By Simon Schama
In March 2020, as the COVID-19 virus spread, the world shut down in a way that felt unprecedented. In fact, that was far from the case. In his gripping new book, Columbia history and art-history professor Simon Schama chronicles some of the infectious diseases — from smallpox to cholera to the bubonic plague — that have crippled societies and the scientific advances that saved them. It’s an inspiring collection, full of human ingenuity and courage, and a welcome reminder of the power of vaccines and of collective action.
By Emma Cline ’13SOA
We meet Alex — the protagonist of Emma Cline’s new novel — as her latest boyfriend, Simon, is kicking her out of his prize Hamptons house, five days before his annual Labor Day party. Alex has nowhere to go — she’s on the run from something or someone, relying on her youth, charm, and looks to get by. She thinks she can win Simon back at the party, but she has to make it until then, navigating the playground of the rich with nothing more than a backpack and the ability to con her way into food, shelter, and entertainment. It’s a deceptively simple story, with not many people to root for, but the delicious tension that Cline is able to craft makes it a real page-turner.
Directions to Myself
By Heidi Julavits ’96SOA
When Heidi Julavits was growing up, in rural Maine, her family often consulted an outdated nautical guide full of “cautious wisdom transferable to people, lost or not, without plans to ever leave land.” It would come in handy again in 2014, when Julavits was in need of some direction.

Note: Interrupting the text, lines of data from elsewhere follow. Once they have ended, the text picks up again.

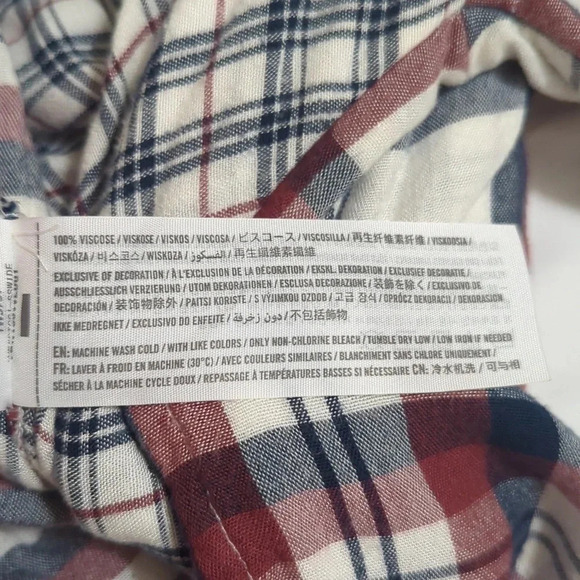 Abercrombie & Fitch Wrap Front Flannel Shirt, Color White/Red/Blue Size XS - Picture 16 of 16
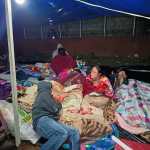 Vecinos de Santa María de Jesús duermen en las calles por temor a nuevos temblores, tras la serie de sismos que dejó seis muertos y dejó incomunicado al municipio. (Foto Prensa Libre: Byron Baiza)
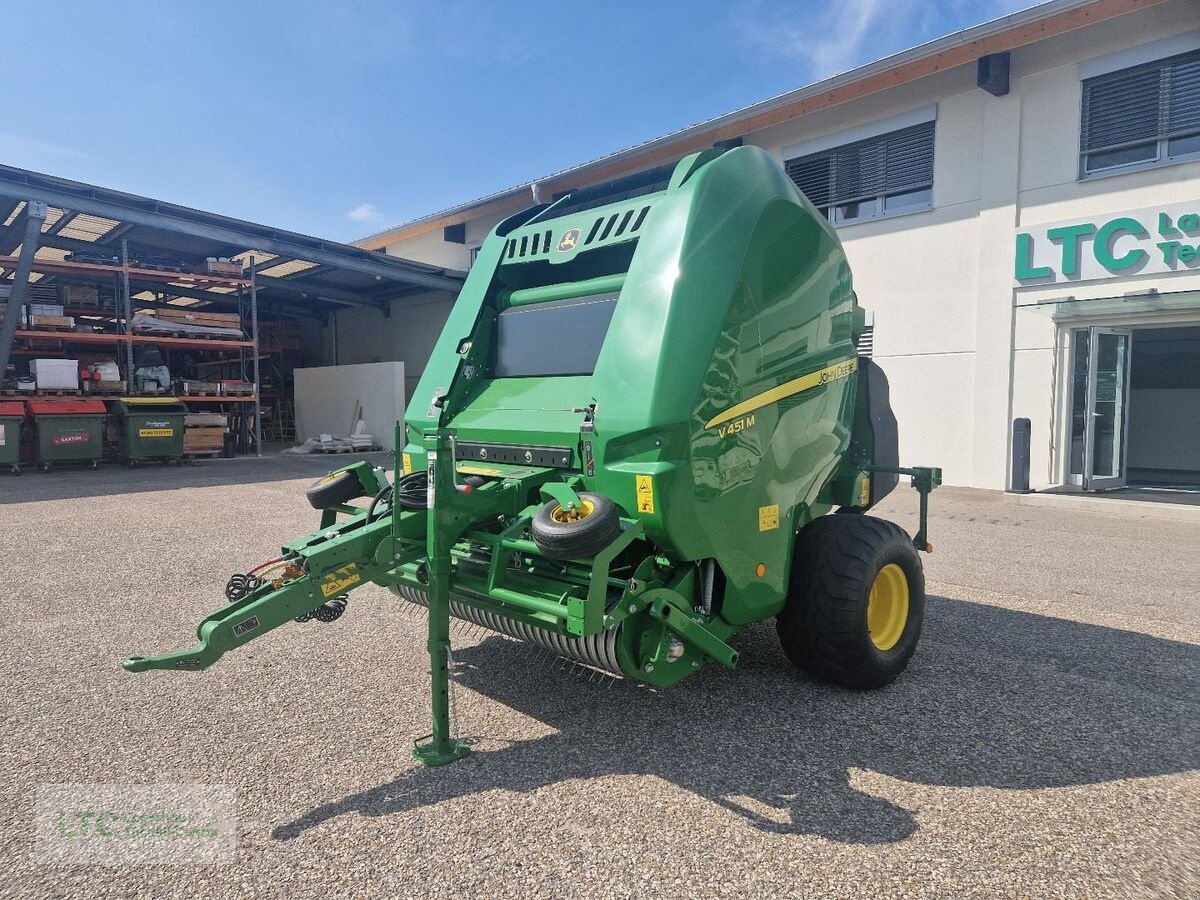 Rundballenpresse des Typs John Deere V451M, Neumaschine in Korneuburg (Bild 1)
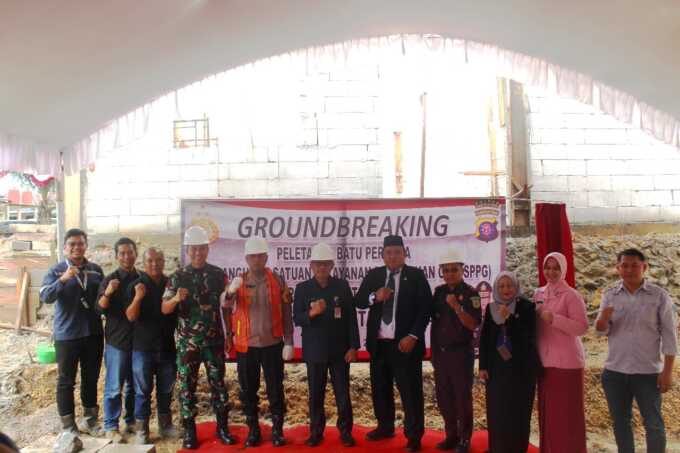 SINERGI: Kapolres Barito Utara, AKBP Singgih Febiyanto bersama unsur forkopimda melaksanakan peletakan batu pertama SPPG, Senin (7/7/2025).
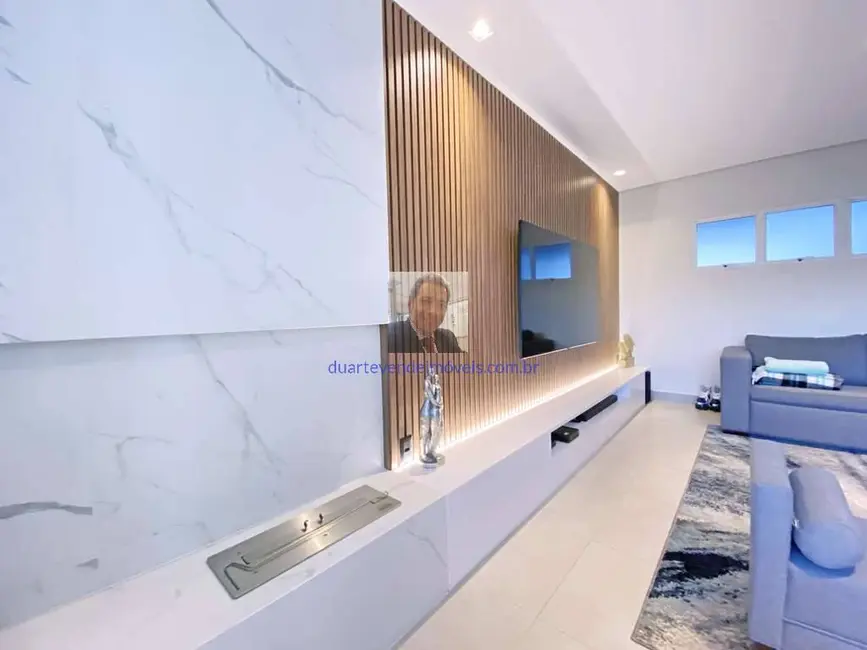 Foto 6 de Casa com 3 quartos à venda, 277m2 em Residencial dos Lagos, Cotia - SP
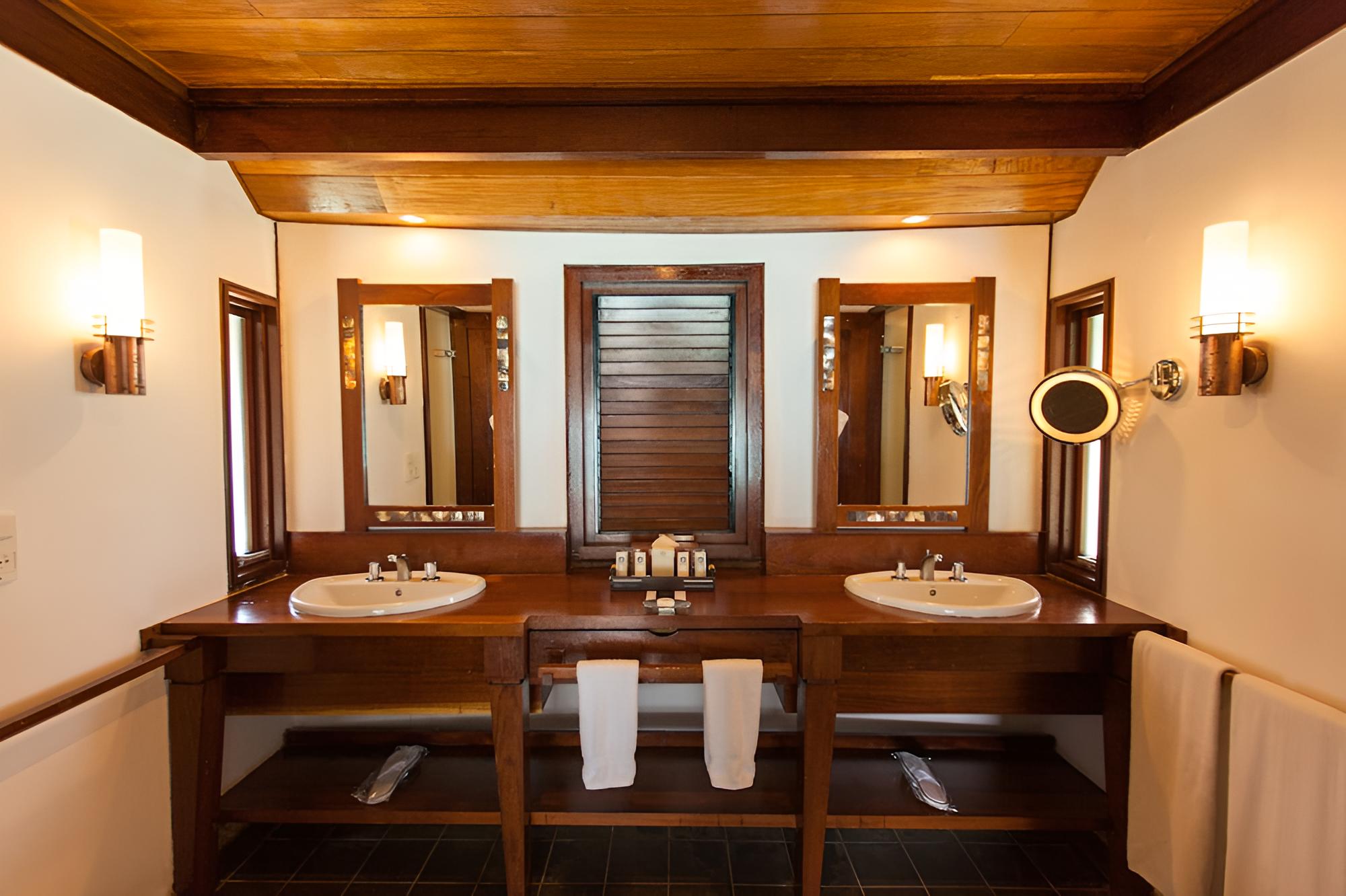 Luxury Bungalow, 1 King Bed, Ocean View photo 1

Campus sexual assault was at the forefront of the national conversation, and Julavits, a Columbia professor of writing, found herself thinking about her young son and how to responsibly steer him through “the end times of childhood.” Toggling between her daily life in Manhattan and summers in Maine, she captures the ordinary, usually forgotten moments that make up a particular season of life.
The Heaven & Earth Grocery Store
By James McBride ’80JRN
In the Chicken Hill neighborhood of Pottstown, Pennsylvania, Jews and African-Americans lived side by side for decades, working together to survive a world that was unkind to them. At the heart of James McBride’s latest novel are Moshe and Chona Ludlow, an Orthodox couple who run, respectively, the All-American Dance Hall and the Heaven & Earth Grocery Store, both havens for Blacks and Jews alike. But in June 1972, workers redeveloping the area find a skeleton at the bottom of a well, unearthing secrets long buried and providing the perfect setup for McBride’s rollicking, fast-paced, and sharp-as-ever storytelling.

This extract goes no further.